Five tips on shirts
15 August 2011
Shirts are often underrated. Lying beneath tailored jacket and silken tie, they can seem less important than both. But in an age when men usually take off their jacket during the day, indeed often don’t even wear a jacket to the office, the shirt has assumed new importance. So read.
1 Fit is quite easy
A bespoke shirt is not easy to fit well. There’s the amount of give at chest, waist and hips, the width through the arm and balance. But it’s not as complex as a bespoke jacket. In fact, three aspects of fit are by far the most important: neck, wrist and waist.
Shirts come in neck sizes and often sleeve lengths as well, so as long as you know how these should fit (two fingers just about fit under the collar, sleeve stops at the base of your thumb) you’re most of the way there. Then, unless you can find a cut that’s exactly right, take the shirt to your tailor and get darts put in. Most do it and they can get the fit just right.
2 Spend time on washing
Put some extra detergent on the armpits, collar and double cuffs of a white shirt before you wash it. At least do the armpits on every other colour. Sweat stains are a poor excuse to rid of a shirt.
3 An open neck requires a strong collar
There’s nothing wrong with wearing a shirt without a tie. Just make sure the lack of a tie’s silk is made up with colour or pattern elsewhere. And that your collar doesn’t collapse.

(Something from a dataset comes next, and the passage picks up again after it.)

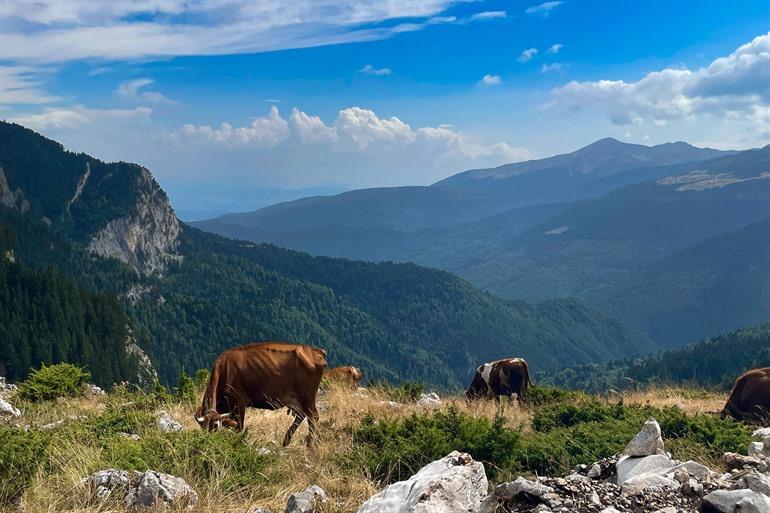 Nationalpark Bjeshkët e Nemuna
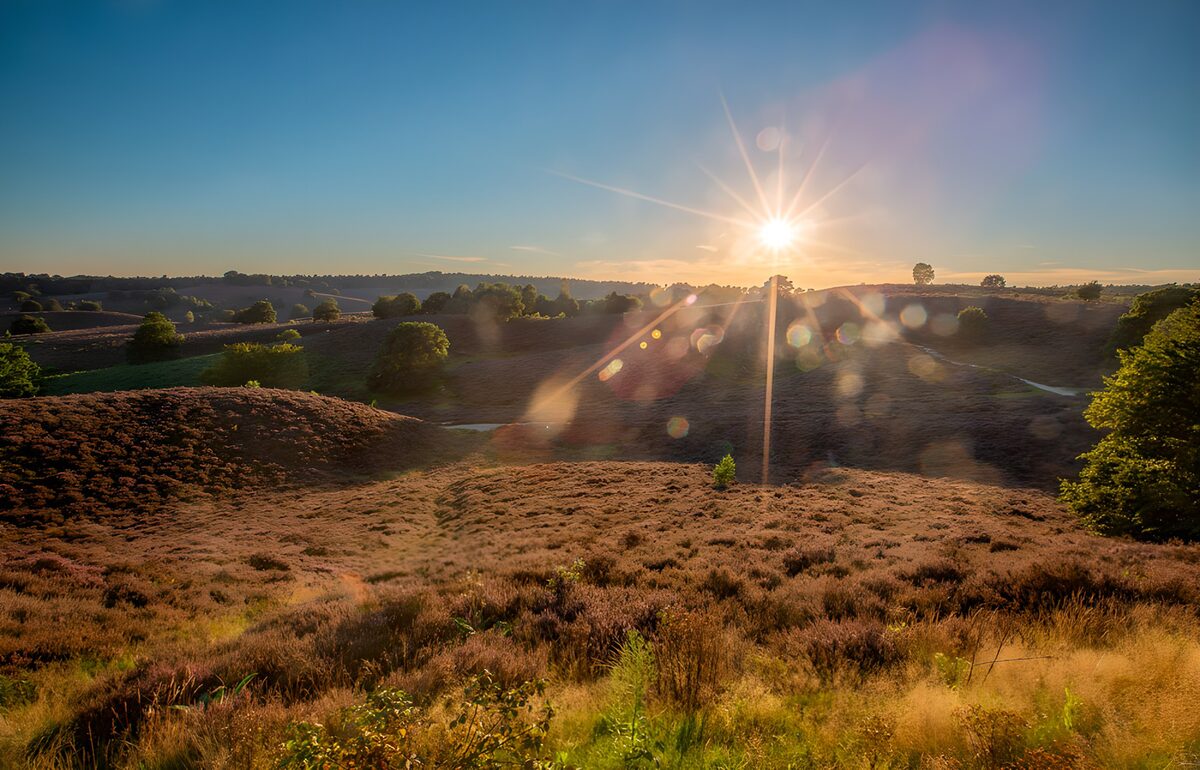Serene Heather Fields at Sunrise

Many things determine the ‘stand’ of a collar, which prevents it from folding up meekly below the lapel of your jacket and negating the point of wearing one. These things include the collar’s height, construction and spread. You know which of your shirts have it; only wear those ones without a tie. And if in doubt, get a button-down.
4 White versus blue
White is clean, crisp and smart; it should always be the default at a formal event, indeed traditionally would always have been changed into for the evening. Blue is more versatile and flatters more skin types. It can handle dark, pale and bright colours where some can make a white shirt look cheap. You will probably end up with more blue than anything else. Nothing wrong with that: experiment instead with cloth, weight and weave.
5 Nothing wrong with wear either
The first thing that will go with shirts (if you’re washing them properly) is fraying at the corners of the collar and the edges of the cuffs. If it is bespoke, the maker might be able to replace them, probably with white equivalents, at less than half the cost of a new shirt. But you don’t have to; fraying isn’t necessarily bad. Like distressed jeans, it’s something some designers even add to shirts to make them seem more personal. As long as the shirt isn’t a formal, double-cuffed and spread-collared affair, then continue to wear it but with jeans and tweed at the weekend.
Pictured here: Budd bespoke shirts being made. The refurb of Budd is coming along nicely and sounds like it will be a more welcoming place to buy and have shirts fitted. Looking forward to seeing the finished product.